# [Exercise directions]
Your response should consist of the entries below, reproduced exactly and without their images.

Dataset excerpts:
________

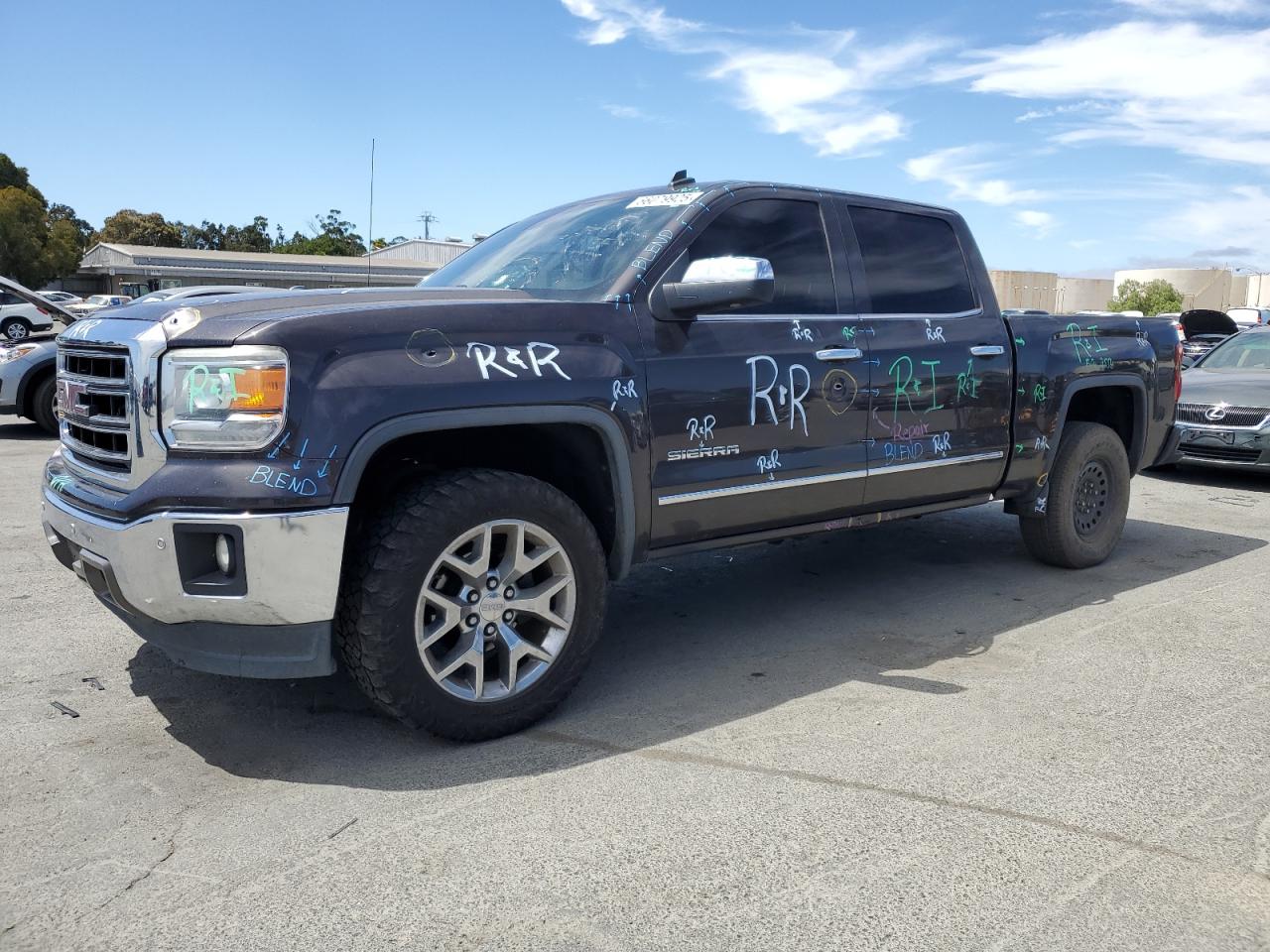 GMC SIERRA C15 2014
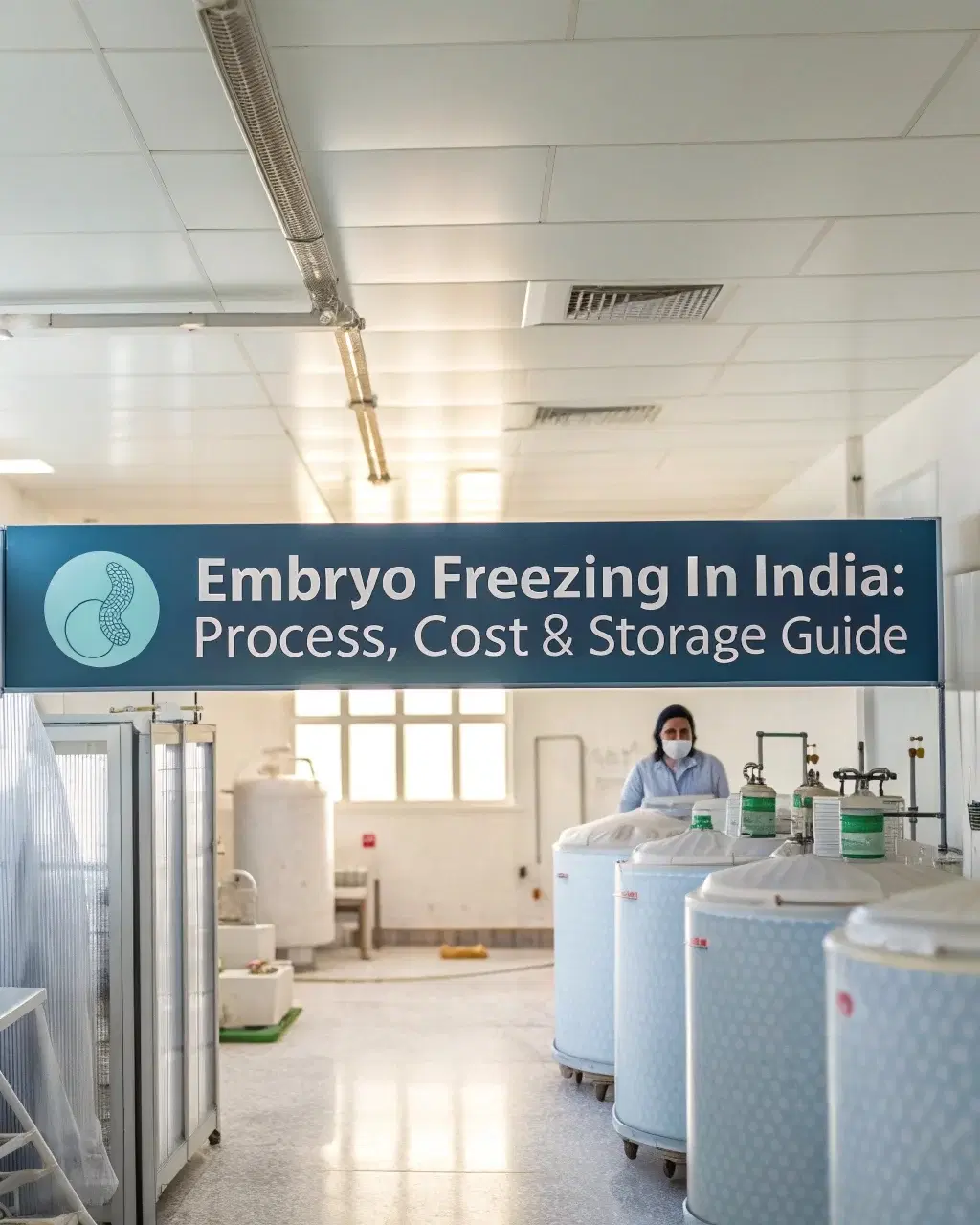 Embryo Freezing Cost in India: Save 70%+ vs UK & Australia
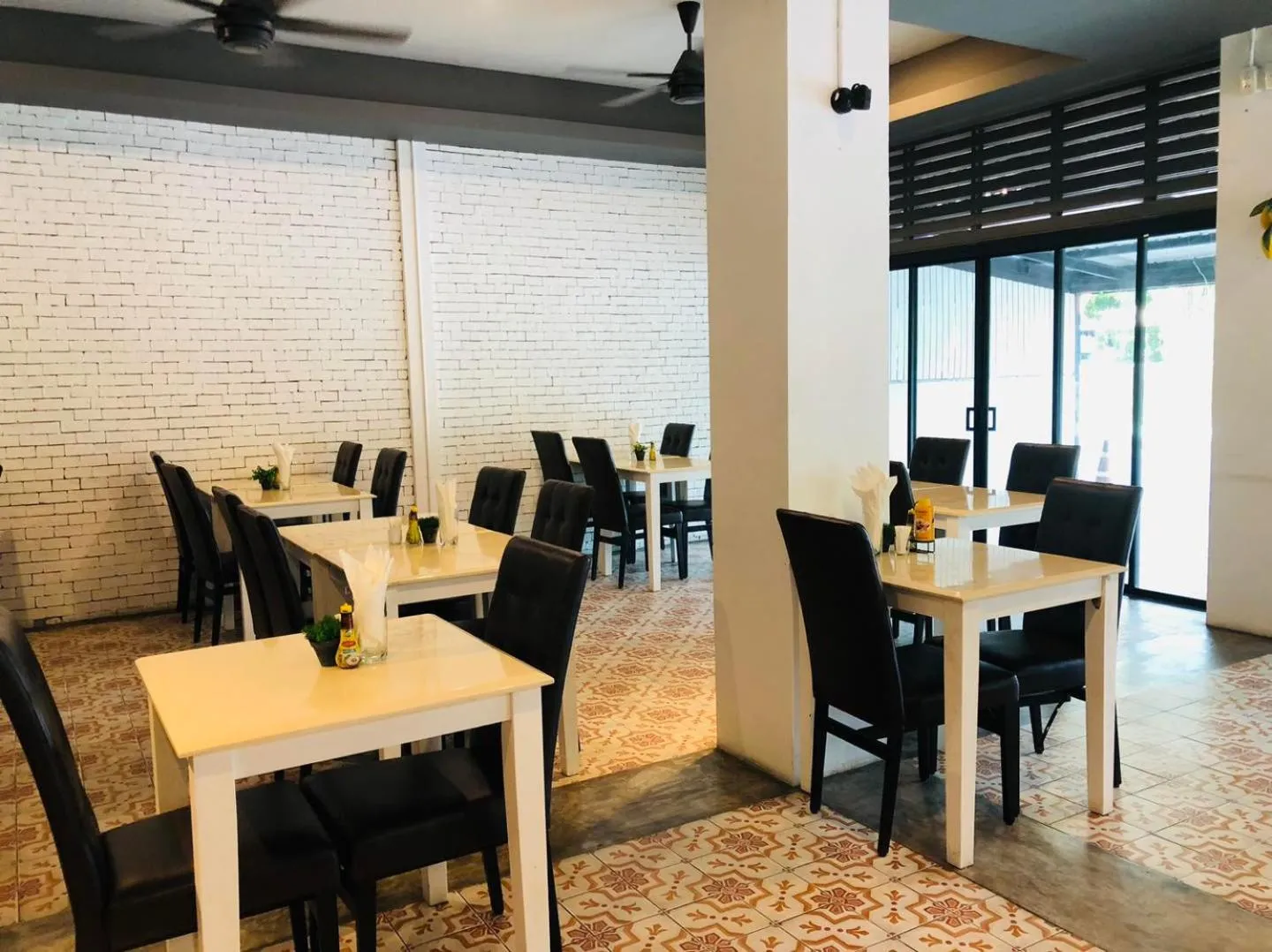 Restaurant/places to eat in The Rubber Hotel Phuket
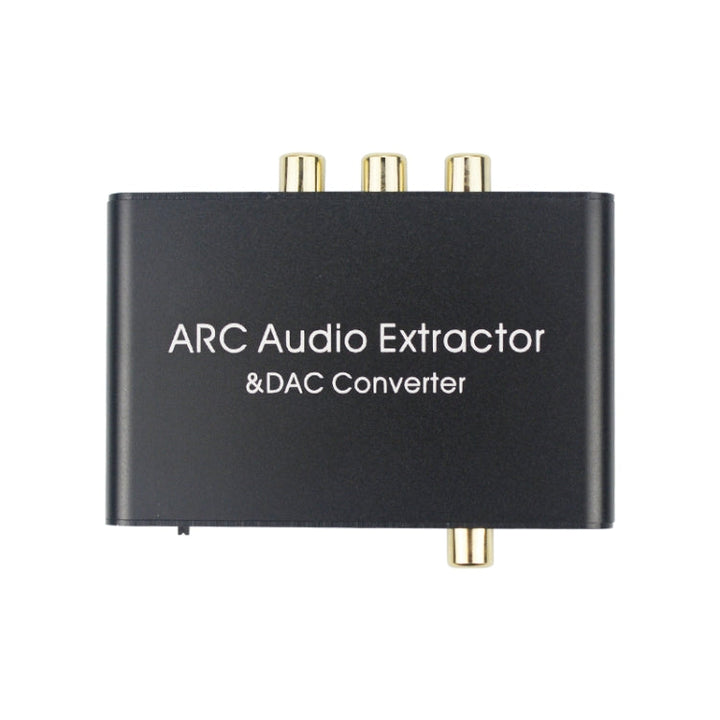 Lisslune | HDMI Audio Return Channel & DAC Audio Converter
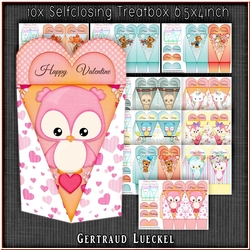 10 Self Closing Treat Bags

________

# [Exercise solution]
 GMC SIERRA C15 2014
 Embryo Freezing Cost in India: Save 70%+ vs UK & Australia
 Restaurant/places to eat in The Rubber Hotel Phuket
 Lisslune | HDMI Audio Return Channel & DAC Audio Converter
 10 Self Closing Treat Bags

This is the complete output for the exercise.